- [Description of the task] Print word for word whatever lies between the first line of the material and the line holding "WordMeaning blackboard for lower rank", both included, and omit all pictures.

- [Information provided]

════

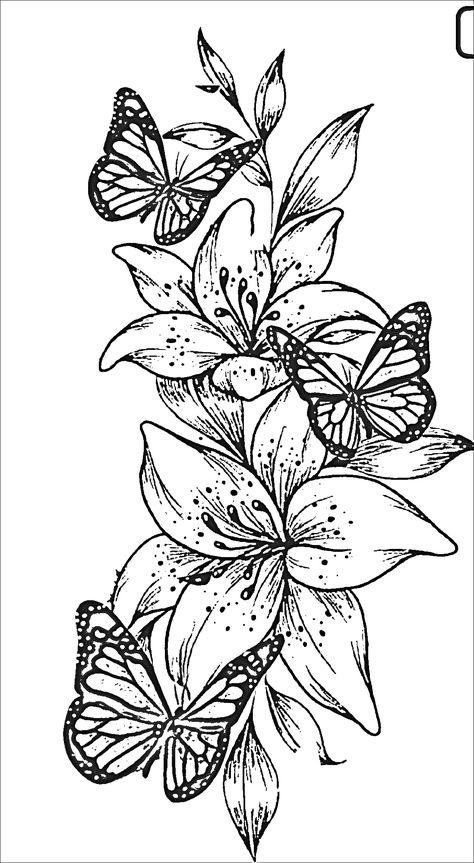 Tattoo Ideas Foram, Women Sleeve Tattoo Drawing, Flower Sleeve Forearm, Drawn Out Tattoo Ideas, Wild Flower Tattoo Thigh, Women’s Arm Sleeve Tattoo Ideas, Lilly And Butterfly Tattoo Ideas, Tattoo Butterfly With Flower, Medium Leg Tattoos Women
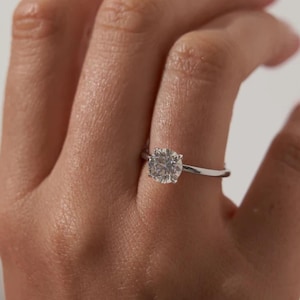 Moissanite 7mm Round Cut Engagement Ring, Round Solitaire Ring, 14k Solid Gold Ring, Anniversary Gift Ring, Bridal Ring, Personalized Gift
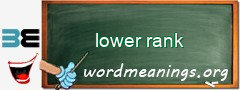 WordMeaning blackboard for lower rank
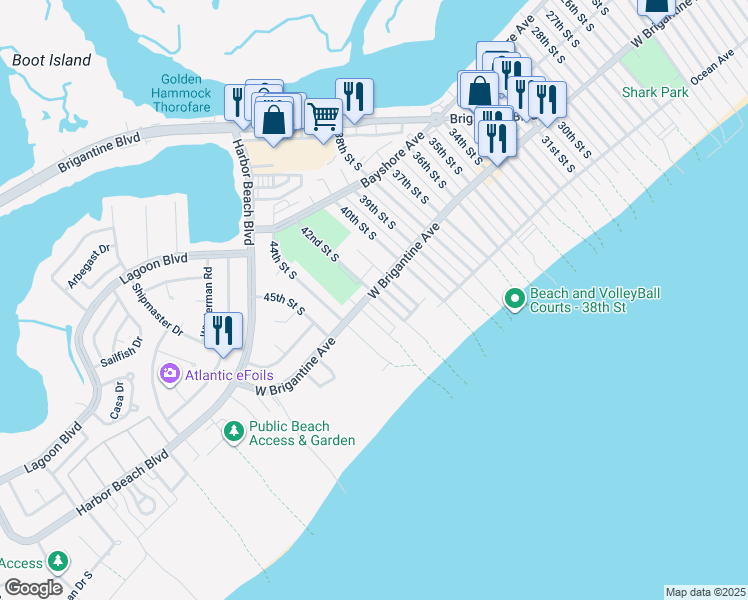 map of restaurants, bars, coffee shops, grocery stores, and more near 4224 West Brigantine Avenue in Brigantine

════

- [Solution for this task]
 Tattoo Ideas Foram, Women Sleeve Tattoo Drawing, Flower Sleeve Forearm, Drawn Out Tattoo Ideas, Wild Flower Tattoo Thigh, Women’s Arm Sleeve Tattoo Ideas, Lilly And Butterfly Tattoo Ideas, Tattoo Butterfly With Flower, Medium Leg Tattoos Women
 Moissanite 7mm Round Cut Engagement Ring, Round Solitaire Ring, 14k Solid Gold Ring, Anniversary Gift Ring, Bridal Ring, Personalized Gift
 WordMeaning blackboard for lower rank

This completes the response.